I rispettivi staff hanno smentito che tra la premier Giorgia Meloni e il ministro dell’Economia, Giancarlo Giorgetti, ci sia stata una discussione dai toni accesi durante la settimana scorsa. Non conosciamo l’entità dei decibel, eppure sembra che tra i due qualche battuta non proprio sussurrata vi sia stata. Motivo del contendere? La prima non ha apprezzato il contraltare del secondo sul fatto che il riarmo europeo non potrebbe avvenire a discapito dell’erogazione di servizi come sanità e scuola.
Aumento spesa militare
A dividere Meloni e Giorgetti non è stata la sostanza, dato che anche la premier concorda circa la necessità di mostrare prudenza sull’aumento della spesa militare a debito e meno che mai immagina di dovere tagliare i servizi essenziali per finanziare la difesa.
Solo che questa è una fase delicata, in cui le posizioni in politica estera devono essere chiare per mostrarsi responsabili e affidabili agli occhi degli alleati. Che non sono solo gli europei, ma anche gli americani. Proprio il presidente Donald Trump ci chiede di spendere di più per la nostra stessa sicurezza, altrimenti dovremmo arrangiarci senza il sostegno americano.

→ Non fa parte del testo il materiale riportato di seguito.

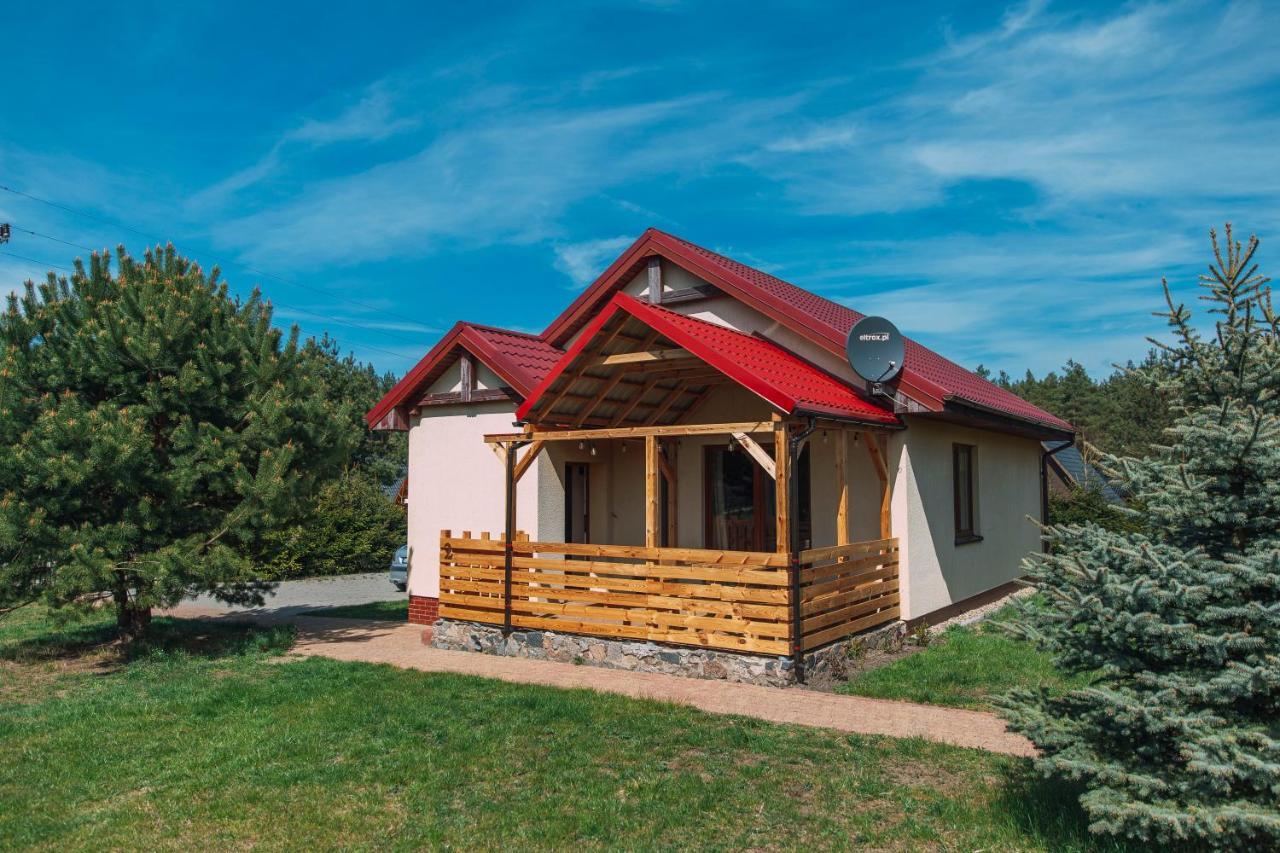 Lesna Oaza Villa Сашино Екстериор снимка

Nessuna corsa al debito in Italia
L’Italia non può permettersi la baldanza tedesca in fatto di ricorso al debito pubblico. Altro che bazooka da 1.000 miliardi di euro come promesso dal cancelliere “in pectore” Friedrich Merz. Persino una pistola ad acqua da 100 miliardi in un decennio sarebbe per noi un grosso lusso. Con un rapporto debito/Pil sopra il 135% c’è poco da spendere in deficit. Meloni e Giorgetti godono di grande fiducia sui mercati finanziari.

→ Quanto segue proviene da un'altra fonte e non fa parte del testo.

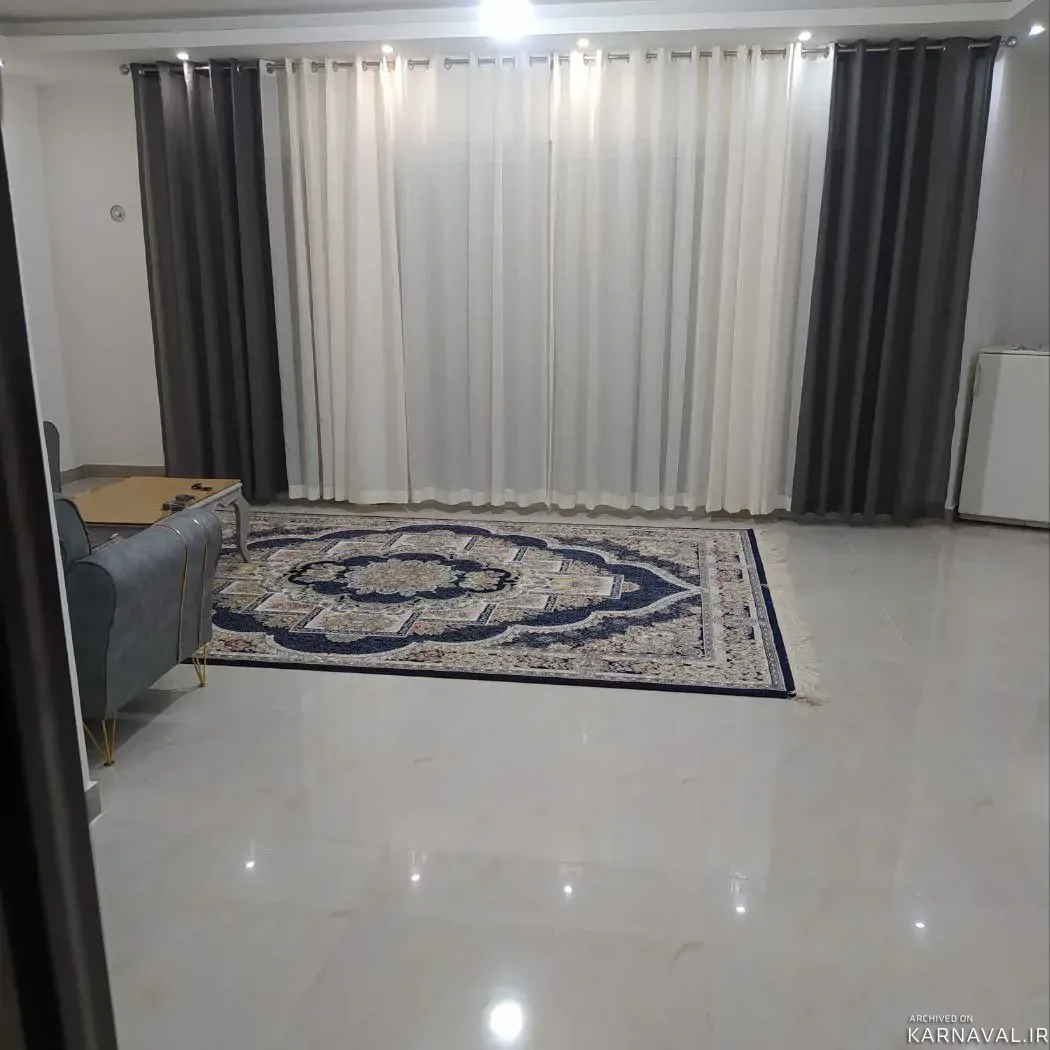 آپارتمان ساحلی دریا (۱۲) محمودآباد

Sembra quasi naturale affermarlo oggi, ma le premesse furono del tutto diverse due anni e mezzo fa, quando i due entrarono rispettivamente a Palazzo Chigi e in via XX Settembre. Parte della stampa internazionale tuonava contro un nuovo “rischio spread”.

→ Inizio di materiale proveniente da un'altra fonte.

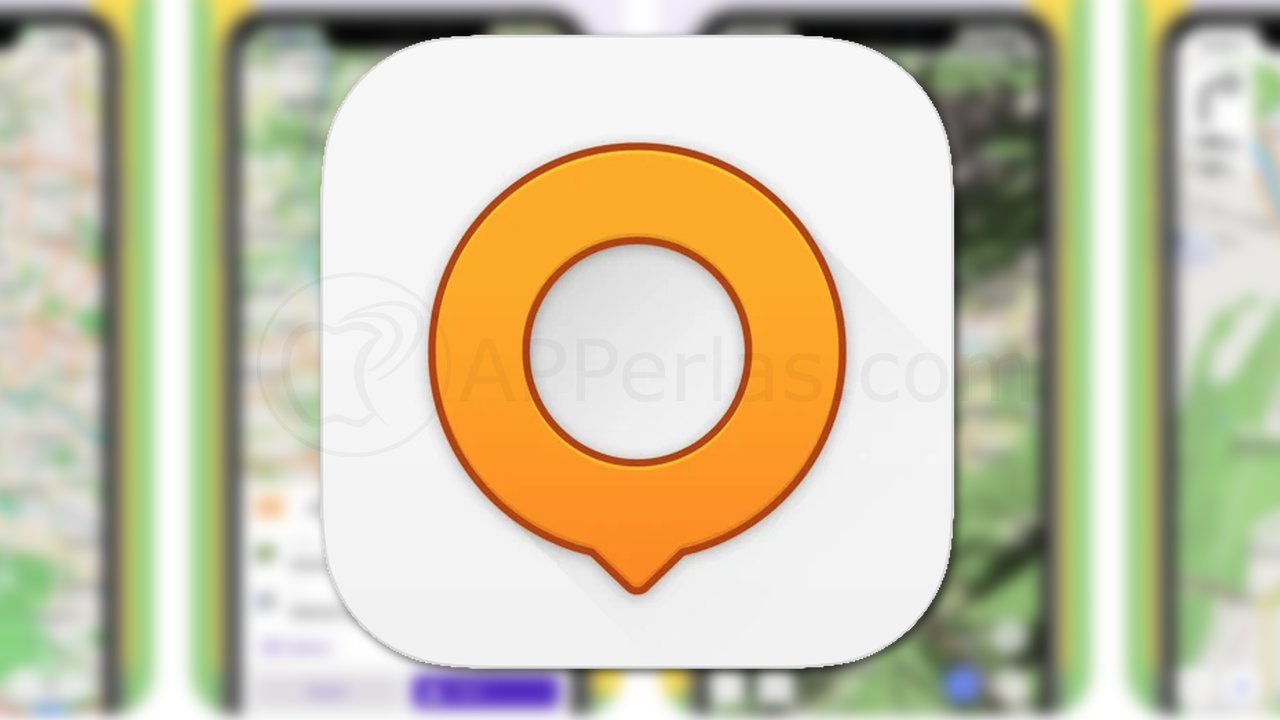 App con mapas sin conexión para viajar App con mapas sin conexión para viajar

Sono bastate pochissime settimane per far cambiare umore agli investitori. I risultati hanno subito parlato chiaro: boom di Piazza Affari, ritorno dei capitali stranieri sui BTp e spread in netto calo. Ieri, quest’ultimo si aggirava in area 107 punti base, sempre ai minimi dal 2021. Significa che il rischio sovrano è considerato stabile e il più basso da molti anni a questa parte. Il fatto che non sia risalito dopo il boom dei rendimenti tedeschi, segnala che c’è fiducia circa la stabilità dei conti pubblici italiani nei prossimi anni. L’avanzo primario, cioè al netto della spesa per interessi, nel 2024 è salito da -3,6% a +0,4% del Pil. Un balzo così forte non si vedeva da mezzo secolo a questa parte.
Prudenza di Meloni e Giorgetti paga
I mercati sono consapevoli che l’Italia, pur volendo, non potrebbe mettersi a inseguire la Germania sull’aumento della spesa militare. Lo stesso dicasi per la Francia. Ciò li conforta, così come la stabilità politica che garantirebbe il controllo delle finanze statali a medio-lungo termine. Le distanze tra Italia e Germania in fatto di debito si ridurrebbero nei prossimi anni.
La linea della prudenza di Meloni e Giorgetti si tradurrebbe in un vantaggio netto positivo per l’economia italiana: relativamente meno indebitata e con maggiore crescita del Pil grazie al riarmo europeo. E anche le distanze con gli Oat decennali francesi restano stabili attorno alla soglia dei 35 punti.